A 2014 White House Report on Big Data suggested that “big data analytics have the potential to eclipse longstanding civil rights protections in how personal information is used in housing, credit, employment, health, education, and the marketplace.” In light of growing empirical evidence that forms of discrimination (including racial bias) may already be built-into a mosaic of Big Data approaches, this presentation aims to address a first step for preventing Big Data discrimination.

The central argument suggests that consistent and growing evidence that longstanding notice (i.e. privacy policies) and choice (i.e. user access and control of data) privacy policy is deeply flawed, requiring that we both call attention to the failures of the model and propose alternatives. Results from an ongoing quantitative survey analysis co-authored with Dr. Anne Oeldorf-Hirsch (University of Connecticut) demonstrating the extent to which users ignore terms of service and privacy policies online will be presented to demonstrate notice policy flaws.

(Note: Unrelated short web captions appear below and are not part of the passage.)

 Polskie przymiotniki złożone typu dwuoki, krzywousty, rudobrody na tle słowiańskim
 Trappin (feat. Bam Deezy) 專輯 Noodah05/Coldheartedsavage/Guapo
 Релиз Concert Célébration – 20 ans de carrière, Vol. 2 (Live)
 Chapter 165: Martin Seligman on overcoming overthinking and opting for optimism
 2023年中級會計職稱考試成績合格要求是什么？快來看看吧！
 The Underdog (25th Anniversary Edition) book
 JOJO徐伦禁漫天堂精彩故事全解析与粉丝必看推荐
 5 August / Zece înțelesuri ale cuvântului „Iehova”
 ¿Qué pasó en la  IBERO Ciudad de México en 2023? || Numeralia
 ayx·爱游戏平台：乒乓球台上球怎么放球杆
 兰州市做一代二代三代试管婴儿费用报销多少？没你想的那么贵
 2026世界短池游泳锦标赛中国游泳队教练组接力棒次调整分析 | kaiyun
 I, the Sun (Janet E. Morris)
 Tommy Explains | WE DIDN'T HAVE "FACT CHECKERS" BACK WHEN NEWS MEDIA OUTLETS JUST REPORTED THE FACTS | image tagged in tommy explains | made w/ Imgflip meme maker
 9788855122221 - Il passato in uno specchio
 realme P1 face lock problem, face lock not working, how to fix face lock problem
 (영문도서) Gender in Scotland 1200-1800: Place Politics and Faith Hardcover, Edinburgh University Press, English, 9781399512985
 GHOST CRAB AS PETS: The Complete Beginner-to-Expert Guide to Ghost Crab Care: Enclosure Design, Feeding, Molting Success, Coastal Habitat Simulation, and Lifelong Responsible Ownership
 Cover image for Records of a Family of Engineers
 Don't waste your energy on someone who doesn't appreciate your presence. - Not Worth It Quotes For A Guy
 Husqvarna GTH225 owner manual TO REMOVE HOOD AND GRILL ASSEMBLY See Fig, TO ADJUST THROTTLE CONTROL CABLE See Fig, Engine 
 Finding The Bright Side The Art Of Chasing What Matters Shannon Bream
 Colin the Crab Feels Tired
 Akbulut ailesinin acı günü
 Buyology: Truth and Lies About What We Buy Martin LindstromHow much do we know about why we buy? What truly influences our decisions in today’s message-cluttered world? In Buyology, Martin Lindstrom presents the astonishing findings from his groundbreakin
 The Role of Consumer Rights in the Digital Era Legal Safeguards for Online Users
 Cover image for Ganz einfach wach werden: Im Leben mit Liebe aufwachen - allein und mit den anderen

The fallacy of data privacy self-management, an argument recently published by Dr. Obar in Big Data and Society, will be presented next to argue for flawed choice policy. Providing individuals the opportunity to access and control their data is not enough. Representative data management is offered as a pragmatic solution to the challenges faced. A number of startups in the infomediary market will be profiled to justify this proposal. 

Lunch will be provided. 

Please RSVP here.

About the speaker:

Jonathan Obar is an assistant professor in the Communication and Digital Media Studies program at the University of Ontario Institute of Technology. He also serves as a research associate with the Quello Center for Telecommunication Management and Law at Michigan State University. His research appears in a variety of academic journals and addresses the impact digital technologies have on civil liberties, civic engagement, and the inclusiveness of public culture.

Recent published papers are available on Dr. Obar's faculty page.

 This event is hosted by the Multi-Ethnic Information Exchange (MIX )student group as part of the MLK Symposium, and sponsored by the UMSI Diversity Committee and the Office of Multi-Ethnic Student Affairs (MESA).